>>>
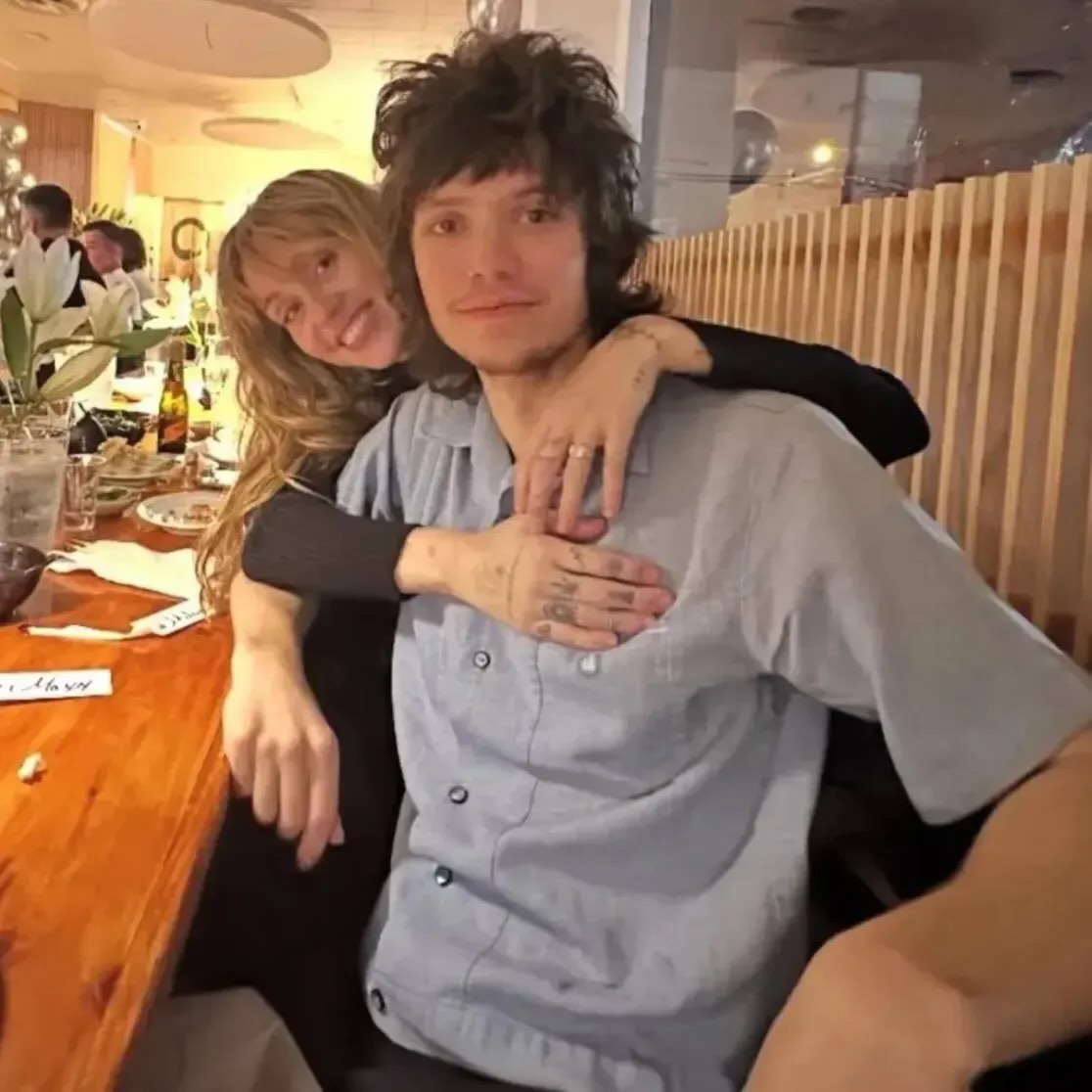 Заручена: Майлі Сайрус вийшла на червону доріжку з обручкою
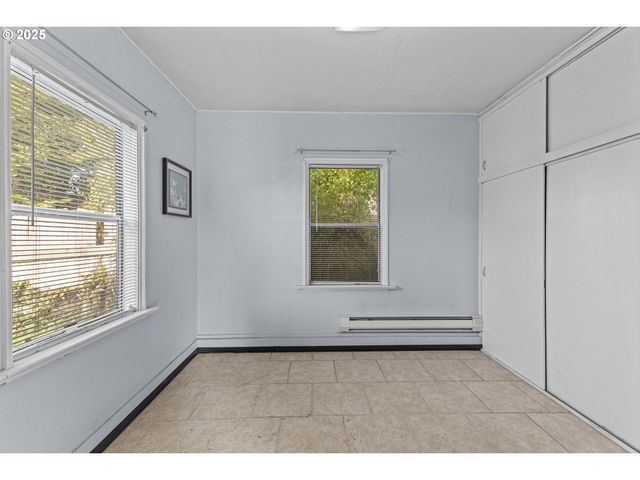 1713 MAPLE St, Myrtle Point, OR 97458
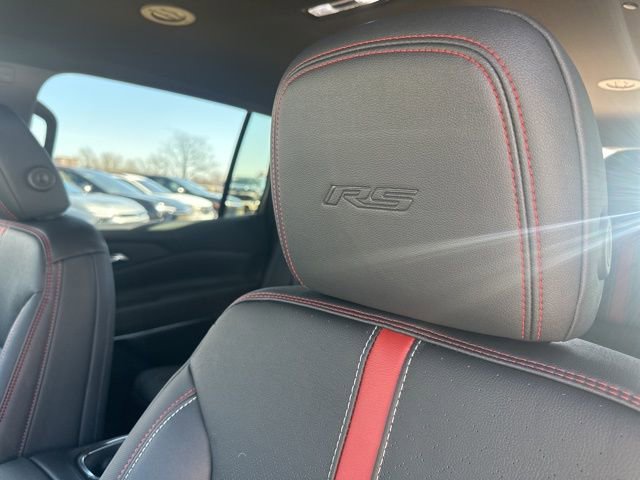 New 2026 Chevrolet Traverse RS w/ LPO, Floor Liner Package image 11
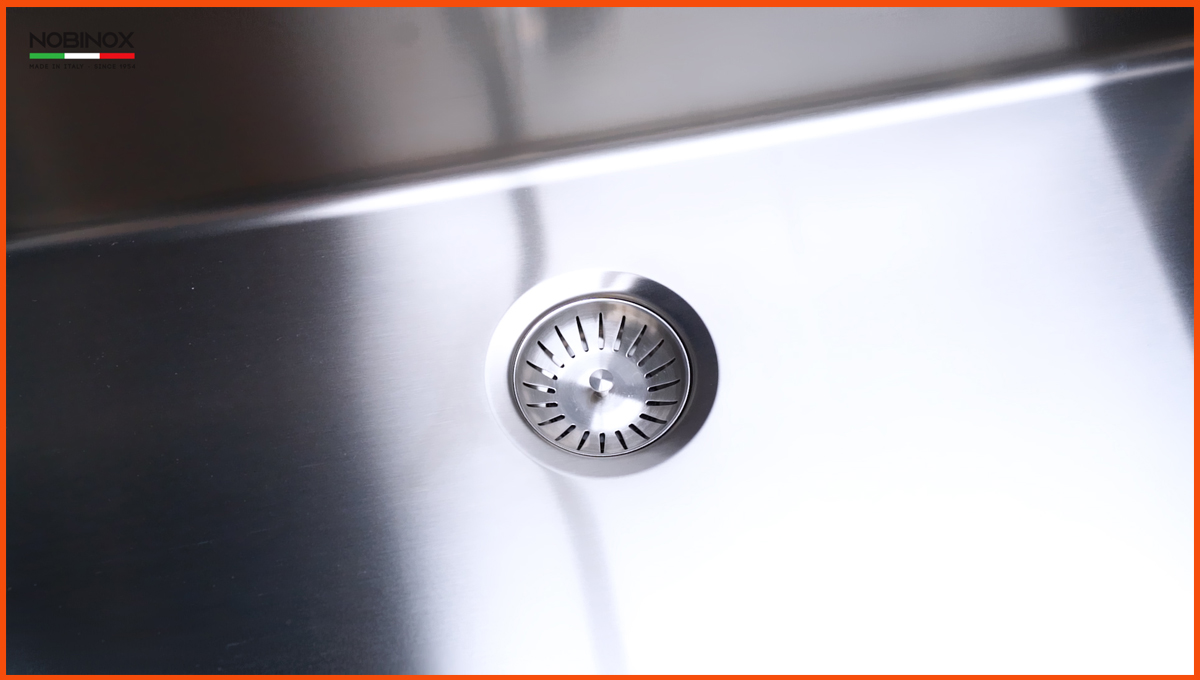 Chậu Rửa Bát Nobinox NT670U góc bo tròn R12 dễ dàng vệ sinh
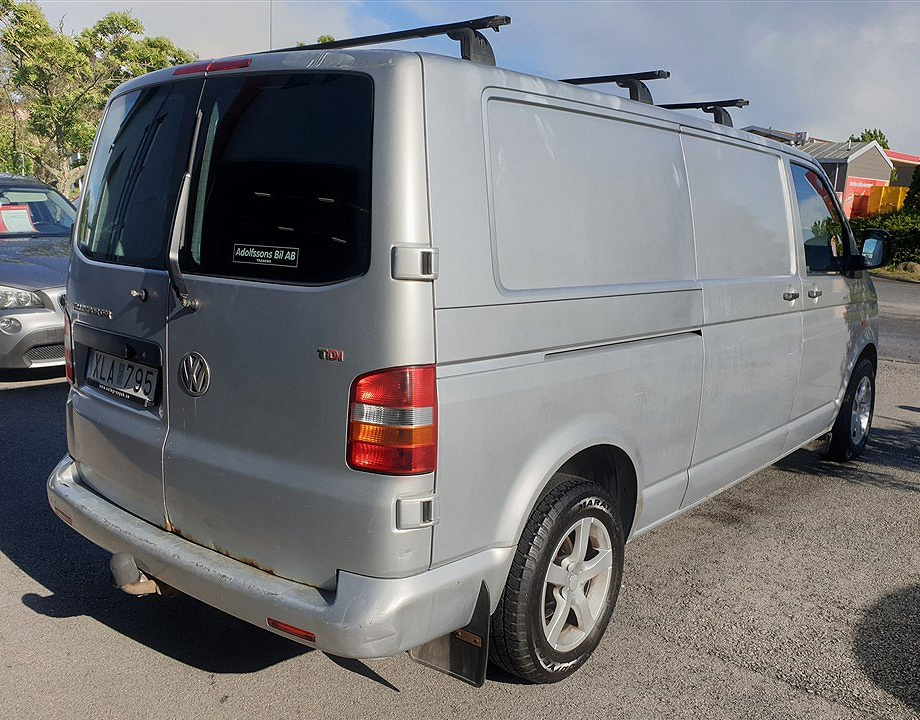 Silvermetallic Volkswagen Transporter T3 stulen i Staffanstorp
<<<
▶ [TASK DIRECTIONS] Your answer must be an exact repeat of the records above, with no pictures in it.

▶ [EXERCISE OUTPUT]
 Заручена: Майлі Сайрус вийшла на червону доріжку з обручкою
 1713 MAPLE St, Myrtle Point, OR 97458
 New 2026 Chevrolet Traverse RS w/ LPO, Floor Liner Package image 11
 Chậu Rửa Bát Nobinox NT670U góc bo tròn R12 dễ dàng vệ sinh
 Silvermetallic Volkswagen Transporter T3 stulen i Staffanstorp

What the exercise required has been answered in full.